Die Teilnehmer der drei Themengruppen setzten sich genau damit auseinander. „Integration heißt für mich, dass Deutsche und Migranten sich von beiden Seiten viel mehr miteinander austauschen“, sagte Marian Jaffal, 23, die sich in die Gesprächsrunde zum Thema Bildung gesetzt hatte. „Warum gibt es eigentlich keinen Türkischunterricht für Kinder in Harburg?“, warf ein Vater dreier Kinder eine weitere Frage auf. Viele Kinder beherrschten die Sprache gar nicht mehr, und das sei traurig. Die pensionierte Neuwiedenthaler Lehrerin Heidi Kähler-Dost ergänzte, dass man erwiesenermaßen auch besser die deutsche Sprache erlerne, wenn man seine eigene Muttersprache spreche.
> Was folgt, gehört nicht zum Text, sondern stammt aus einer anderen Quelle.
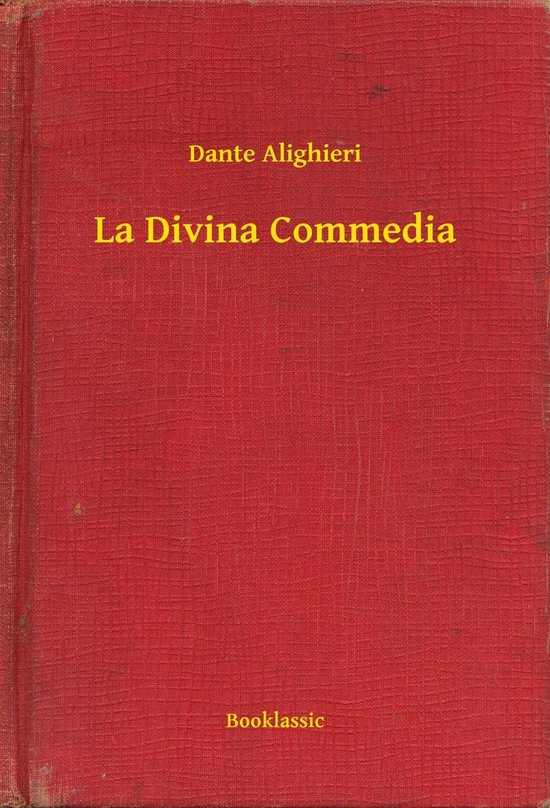 La Divina Commedia - cover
Diese Forderung rief gleich Anmerkungen hervor. Wenn man Türkisch anbieten solle, könne man das Gleiche auch für Russisch oder Arabisch fordern, was wiederum schwierig umzusetzen sei, warf Marian Jaffal ein und bekam Unterstützung von Hazami Bekdas, 43 Jahre und Mutter von vier Kindern. Die wiederum beklagte, dass sich die Eltern von Migrantenkindern häufig aus dem Schulleben heraushalten. „Ich frage mich, wo die Eltern sind“, sagte sie.
Das wiederum bestätigten sowohl Heidi Kähler-Dost als auch Jens Bendixen-Stach von der Stadtteilschule Fischbek. „Den Eltern fehlt oft die Kenntnis vom deutschen Bildungssystem“, sagte die Lehrerin. In manchen Familien sei nicht einmal ein Bilderbuch eine Selbstverständlichkeit, weshalb Schulen und Eltern noch viel enger kooperieren müssten.
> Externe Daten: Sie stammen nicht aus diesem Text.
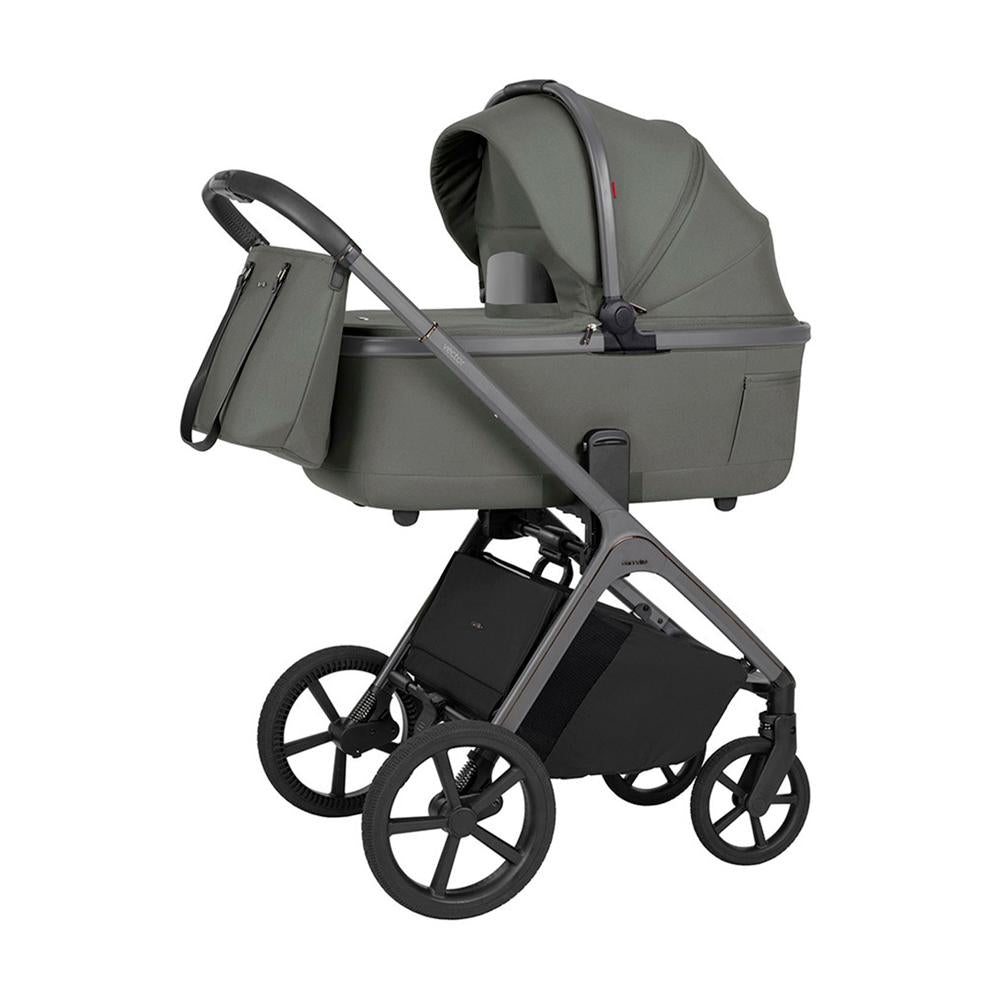 Carrello Vector F CRL-6700 коляска 2 в 1 Calm Green, с рождения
Die Ergebnisse der zwei anderen Themengruppen in Kurzform: Anonyme Bewerbungsverfahren könnten helfen, um Migranten mehr Chancen bei Bewerbungen zu ermöglichen, außerdem sollten im öffentlichen Dienst mehr Migranten tätig sein. Und was die Wahrnehmung Harburg angeht, würden die kulturellen Vereine eher von Deutschen dominiert. Selbst Deutsche, die nicht in Harburg geboren seien, hätten es schwer, Fuß zu fassen. Als möglicher Grund wurde die „dörfliche Struktur“ genannt. Jeder der Stadtteile grenze sich ab, es gebe kein wirkliches Zentrum und keinen Zusammenhalt.